Dimethylmercury is metabolized after several days to methylmercury. Methylmercury crosses the blood–brain barrier easily, probably owing to formation of a complex with cysteine. It easily absorbs into the body and has a tendency to bioaccumulate in adipose tissue, plasma proteins and the brain. The symptoms of mercury poisoning may be delayed by months, resulting in cases in which a diagnosis is ultimately discovered, but only at a point in which it is too late or almost too late for an effective treatment regimen to be successful. Symptoms include tingling, nausea and deterioration of balance, speech, hearing and vision. Organomercury poisoning is also known as Minamata disease.

== Incidents ==
- As early as 1865, two workers in the laboratory of Edward Frankland died after exhibiting progressive neurological symptoms following accidental exposure to the compound.
- In 1971, a chemist died in Czechoslovakia after preparing 6000g of dimethylmercury over a three month period.
- Karen Wetterhahn, a professor of chemistry at Dartmouth College, died in 1997, ten months after spilling only a few drops of dimethylmercury onto her latex gloves. This incident resulted in improved awareness of the substance's extreme toxicity and its ability to easily penetrate latex. New material-handling guidelines were published, many institutions purged their supplies of the compound, and it became almost impossible to buy.

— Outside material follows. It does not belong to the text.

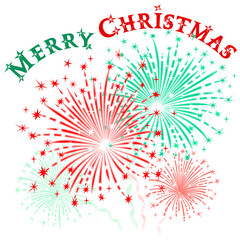 Christmas fireworks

- The 2012 death of Christoph Bulwin, a 40-year-old database administrator for IG Bergbau, Chemie, Energie, may have been caused by an attack involving dimethylmercury.
- On August 26, 2026, a graduate student at the Massachusetts Institute of Technology visited a local emergency room after self-reporting an exposure to synthesized dimethylmercury. The student showed “no sign of exposure to mercury" in initial blood tests, per a statement from MIT officials. The incident prompted a several day closure of the Camille Edouard Dreyfus Chemistry Building, more commonly known as Building 18, amid "specialized decontamination efforts." Subsequent investigation questioned whether the student had synthesized the compound.